In 1954, the Fangio era begins. In four seasons, the Argentine champion clinches four consecutive world titles with three different manufacturers and teams. The first and second titles of this extraordinary winning streak – his second and third personally – come in 1954 and 1955. Fangio becomes world champion driving the Mercedes W196 in both 1954 and 1955. But in his first season, he also achieves two victories with the Maserati 250 F. Mercedes is not yet ready for its debut, so Fangio races with the Modena-based team. Things like this could happen back then. For Mercedes, the 1954 season marks a return to racing after the long hiatus of the Second World War. The German manufacturer is eager for redemption and does things properly. The cars it fields in the championship trials are essentially two: one in a traditional configuration for slow or mixed circuits, and a second one, so streamlined as to look almost like a futuristic flying saucer, for fast circuits. Fangio has no rivals driving both models. Alongside him, a young star begins to attract general attention, Englishman Stirling Moss.

In 1956, Fangio is world champion for the fourth time. This year, he drives for Ferrari. The D50 car is actually a Lancia, which the Maranello team practically received as a gift the previous year when the Turin-based manufacturer decided to close its racing program. Fangio wins, but doesn't dominate as in previous seasons. His relationship with Ferrari doesn't work, and even his teammates are not all willing to accommodate his great talent and inevitably imposing figure. There are internal controversies. The atmosphere is tense. At the end of the season, the Argentine prefers to leave and joins the other Modena team, Maserati. But he’s still the best. At Maserati, Fangio finds himself with the old, but reliable 250 F, one of the best cars in the entire history of Formula 1. In August, with an extraordinary victory at the historic Nürburgring circuit, Fangio becomes world champion for the fifth time. It's a record that then, and for a long time to come, will seem unbeatable.
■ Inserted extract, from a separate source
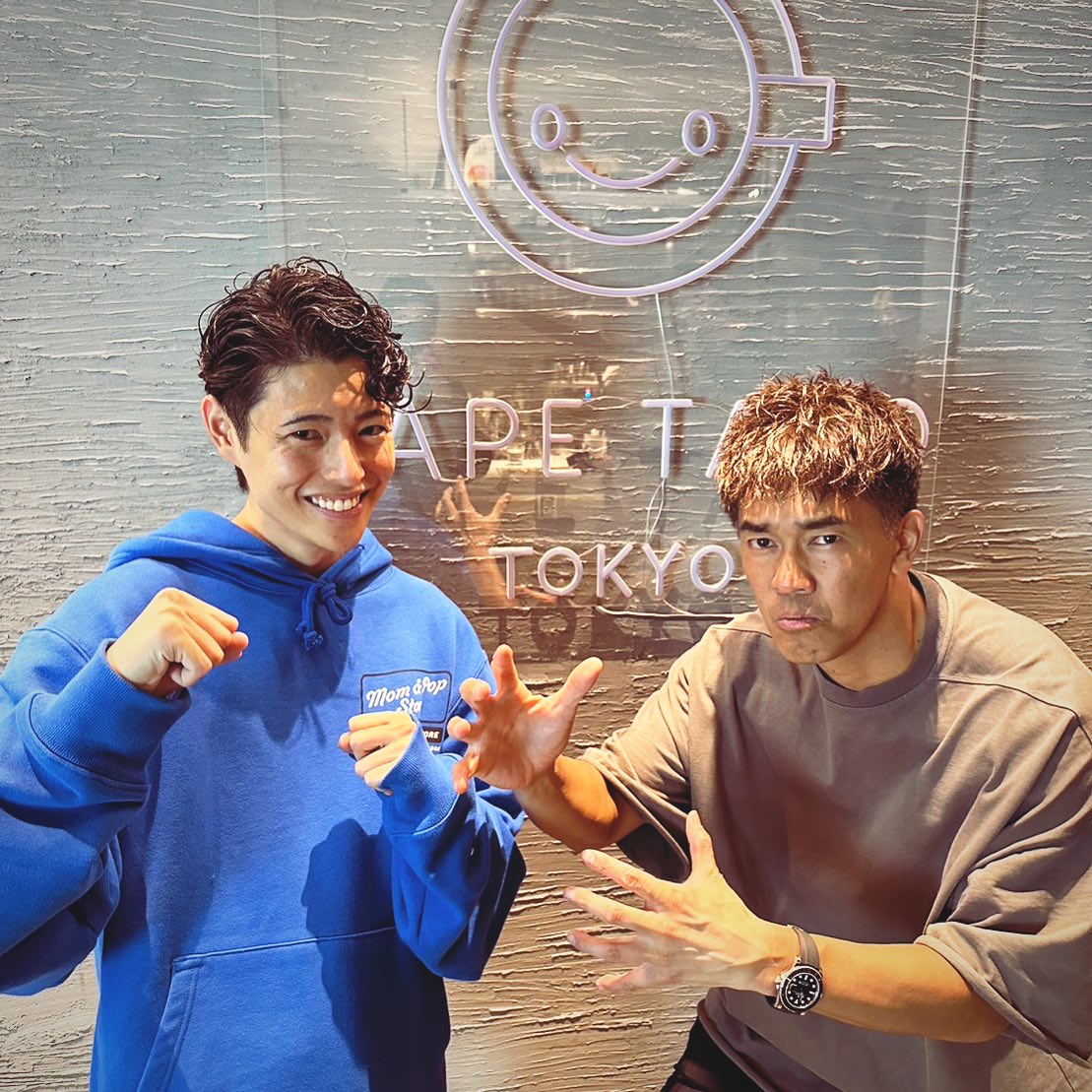 武井壮 フィリピンで最も有名な日本人との2ショット公開✨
In 1958, Ferrari wins its fourth Drivers' World Championship title with Englishman Mike Hawthorn at the end of a season in which fate shattered the dreams of two of its teammates, fellow countryman Peter Collins and Italian Luigi Musso, all driving the Ferrari 246 6-cylinder. But as mentioned, the Drivers' World Championship title, the first Constructors' Cup, goes to Vanwall, which fields champions of the calibre of Stirling Moss and Tony Brooks – the flying dentist!

The music changes completely the following year. In 1959, Formula 1 witnesses the first major technical revolution in its history. John Cooper has placed the engine behind the driver, in a central position on the car instead of the front, as has always – or almost always, let's remember the Auto Union from the second half of the 1930s – been done until then. At the wheel of his revolutionary, light, agile, and quick mid-engine Cooper-Climax T51, Australian Jack Brabham wins the first race of the season in Monaco and repeats himself at Aintree in the heart of summer. In doing so, he keeps his two title rivals at bay, both with two victories each, Brooks on Ferrari 246 and Moss, who alternates between driving a BRM and a Cooper-Climax T51 fielded by Rob Walker's team.